Alexander Orman was born in 1915. He worked as an engineer in Rostov-on-Don, where he was drafted into the Red Army in October 1940. During the Soviet-German war he served as an artillery officer. In the initial period of the war he fought on the Western Front; in the fall of 1943 he was on the Bryansk Front, then on the Central and 1st Belorussian Fronts. From October 1942 he commanded an artillery anti-tank division. He often directed the fighting against enemy tank or infantry attacks. He was wounded twice, lightly in 1943 and seriously in the following year. After the second time, in October 1944, he was appointed heard of instruction of the courses for junior lieutenants of artillery on the 1st Belorussian Front. Major Orman was awarded two Orders of the Red Star in 1943 and the Order of the Patriotic War, 2nd class, in 1945 for his leadership of his battalion and the personal courage he displayed.

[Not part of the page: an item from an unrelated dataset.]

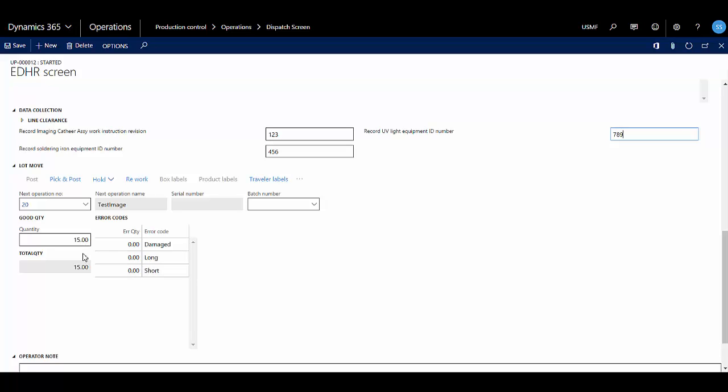And then I can enter my good and error quantities. So I'm going to say that I had two damaged and one was too long. And you'll see that updated the good quantity accordingly.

Boris Slutskii about Alexander Orman
The poet Boris Slutskii who served as an officer in the Red Army during the Soviet-German war and was personally acquainted with Alexander Orman at that time, wrote as follows about Orman's bravery:
"Captain Orman, a warrior, an artillery man, formerly an engineer in Rostov [on-Don], whose Jewishness was influenced by his being raised in a rough environment, demonstratively stood out at all observation posts, overshadowed and [even] insulted his comrades by his bravery, which was often excessive. He used to say to me: 'I know how they look at Jews, so let them see one who is braver than they are.'"
Boris Slutsky, Zapiski o voine (Notes about the War), St. Petersburg, 2000, p. 154.